Grumpy middle-aged guy note

I again heard some twenty-something person talking this week about something they did 'back in the day.'

This would have been in, like, 2003.

When iPods were popular. When we were at war in Iraq.

You know, during the Bush administration. The current Bush administration.

Sorry, but if you are under thirty, you don't have a 'back in the day.'

Check with me again in 2037, if I'm still alive.

Friday, March 02, 2007

The guru thing

As I've mentioned before, I don't have a Zen teacher, so maybe what I'm doing isn't Zen at all.

When I was a practicing fundamentalist Christian in the early 70's, I desperately wanted the approval of my pastor, of my Sunday School teacher, of pretty much anyone. I said things I didn't really believe, talked myself into believing things I didn't think made sense, and basically fooled myself so as to fit in with the group.

I wanted to believe that my teachers had some higher level of wisdom. In retrospect, I see that most of them weren't as clued in as I was.

I also desperately wanted to believe that they never smoked, never drank, never lost their tempers, never cheated on their spouses or did any other nonspiritual thing. In fact, most of them were less moral than I was. But I couldn't see that at the time, mainly because I didn't want to.

I think getting hooked up with a guru is sort of like getting a crush. When you have a crush on someone, you have the looks and not much else. So you begin filling in the blanks from your own imagination.

And not surprisingly, you attribute to your crush object all the qualities and values you most cherish. For example, I'm pretty sure that Barbara Eden is one of the greatest intellects of our generation, and compassionate and caring as well. And when she was dressed in that 'Jeannie' outfit, she was even intellectualer, compassionater and caringer.

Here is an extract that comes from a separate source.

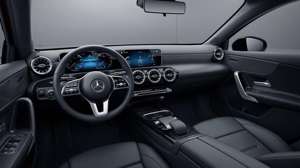 Mercedes-Benz A 180 d 1Hd/Progressive/Night/LED/Sitzkomfort-P Bild 3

So I think it must be with gurus. You hear now and then about some guy who has a bunch of followers in spite of the fact that it's as plain as the nose on your face that he's batshit crazy. His followers saw him at a retreat or a revival or a seminar, became entranced by his personal style before knowing very much about him, then filled in the blanks from their own idealized notions of what a spiritual master should be like. Then they followed him down the primrose path to Jonestown or Waco, or contracted AIDS from him during some 'higher tantric teaching'.

The good thing about gathering teaching from a book is that it's personality-neutral. I don't need to earn the book's acceptance or fit in with its friends. I don't need to establish eye contact with it across a crowded auditorium. I don't have to hike down to the front of the sanctuary and 'rededicate my life' twice a month to get its approval. I can reject what strikes me as an unsound idea without fear of scorn or ostracism.

So here I am, teacher-less and guru-less, trying to get the big picture from books, and afraid to take a chance on letting another living breathing human being be my guide.


















Meanwhile, tell me her enlightenment doesn't transcend all dharma and precepts.